There are very few people in this country who are unaware that their fate is, to a greater degree than most others, tied to geology. In 1995 the earthquake in Kobe killed 6000 people, and it cost Japan about $100 billion to rebuild. I lived here then, and I don't remember anyone I interviewed who thought, well that's it, this will be the last one.
Quite the contrary. The Great Kanto quake of 1923 killed about 130,000 people in Tokyo. The Kobe quake, 6000. The geology since then hasn't changed; but Japan, as you'd expect, got much better at dealing with earthquakes, because everyone here knows damn well that they're coming. There was any number of instances, when I lived here, that I thought the "Big One" had come. I would dive under a desk, or jump up from bed and start to run outside, only to learn that what I thought was a "Big One'' was relatively minor in Tokyo.
How many have been killed in this quake and the tsunami that followed? No one knows yet, but given the size, it's going to be a LOT more than 6000. This will make the Kobe quake look like a blip on the Richter scale -- or pretty much any other scale. A Japanese friend I spoke to tonight knows that. The "official'' death toll now -- roughly 1800 -- is "a joke. Everyone knows this. It's going to be 10,000, or 20,000 or more. Who knows at this point?"
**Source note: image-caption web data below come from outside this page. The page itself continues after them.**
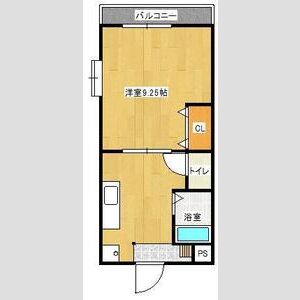 1DK 間取り図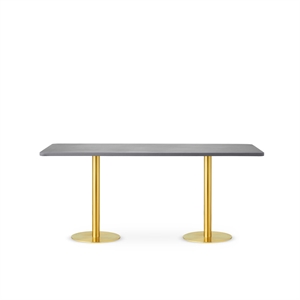 Design By Us Skins Couchtisch 174x74 Gold/Rauch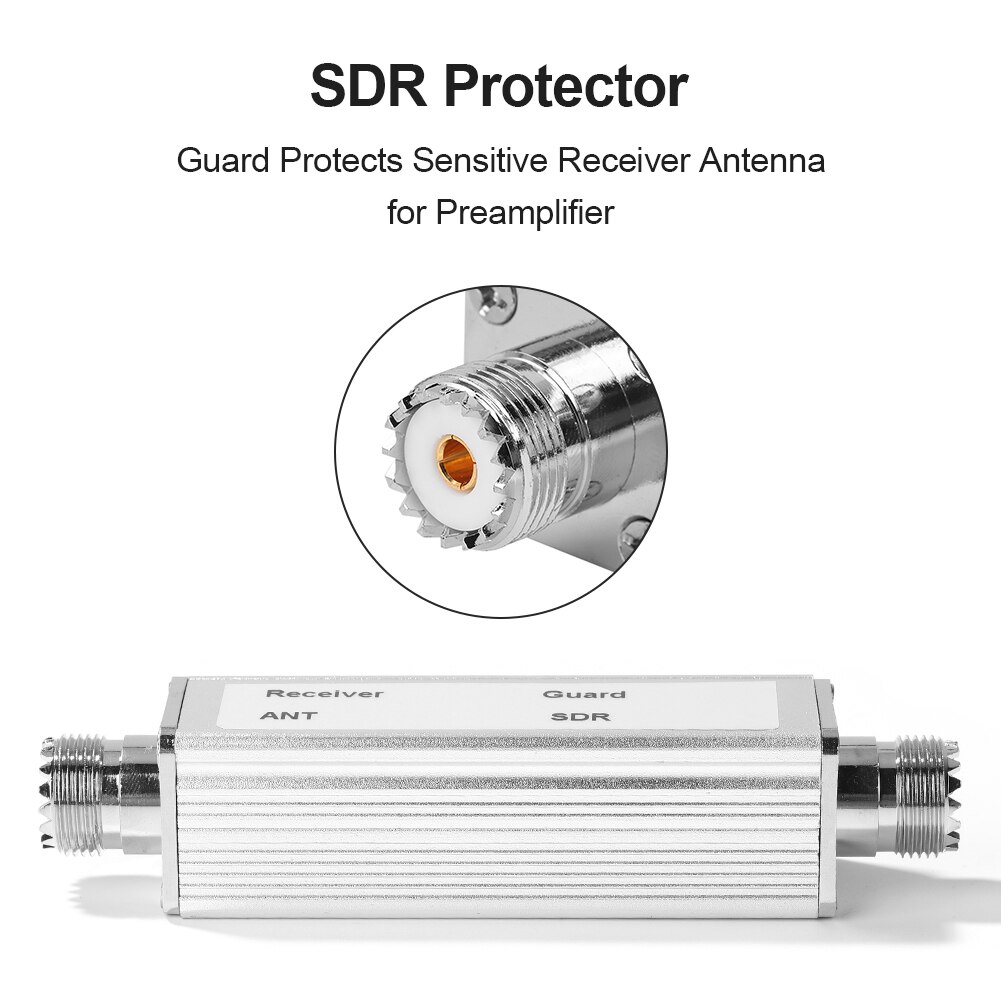 Protector de antena SDR para preamplificador, receptor de Radio sensible a RF de alto nivel, 1000W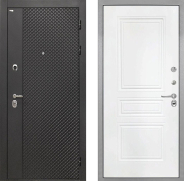 Дверь Интекрон (INTECRON) Олимпия Black 4К ФЛ-243 Белый матовый 960х2050 мм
That its geology comes at a huge cost to Japan is obvious. It pays in blood and in treasure. The damage from this catastrophe will well exceed the $100 billion it cost to rebuild after Kobe. And Japan today is in far worse shape to cope with it. Its national debt already is roughly 200% of GDP -- second only to Zimbabwe, according to the CIA factbook. Prime Minster Naoto Kan -- his party weakened by scandal -- had been pushing for cuts in spending in order to try to avoid the fiscal abyss. But now his world has been upended. The Japanese government is going to spend huge sums on reconstruction -- it has no choice -- and whatever budget cuts that may come will be trivial by comparison.
I was going to say that what comes next is that Japanese central bank chief Masaaki Shirakawa will put on his Ben Bernanke mask, as if it were Halloween, and do his best "QE" (quantitative easing) imitation. But that already happened. Today. Shirakawa did his Bernanke imitation, because he had to: the Bank of Japan pumped 15 trillion yen ($183 billion) into money markets to assure financial stability amid a plunge in stocks and surge in credit risk. The BOJ chief told reporters today that cash injections will "continue as needed."
Markets around the world are already "discounting" the economic impact of the Great Tohoku earthquake, as they will continue to as the extent of the damage unfolds. In a Tokyo restaurant usually packed with bankers and traders, I had a quick, quiet dinner this evening with a guy I've known for a long time; a "quant'' who used to work for Morgan Stanley (MS, Fortune 500), and is now with a hedge fund. His wife's family is from Sendai, where the damage from the quake and tsunami are most pronounced. After two days of not hearing anything, they heard this morning that his sister-in-law and mother-in-law had both survived.
"Wouldn't have bet on that yesterday," he said. He knows his professional life will soon enough be about figuring out how best to trade a strengthening Yen and a weakening stock market. But not yet, he said. "Not tonight. Not for awhile."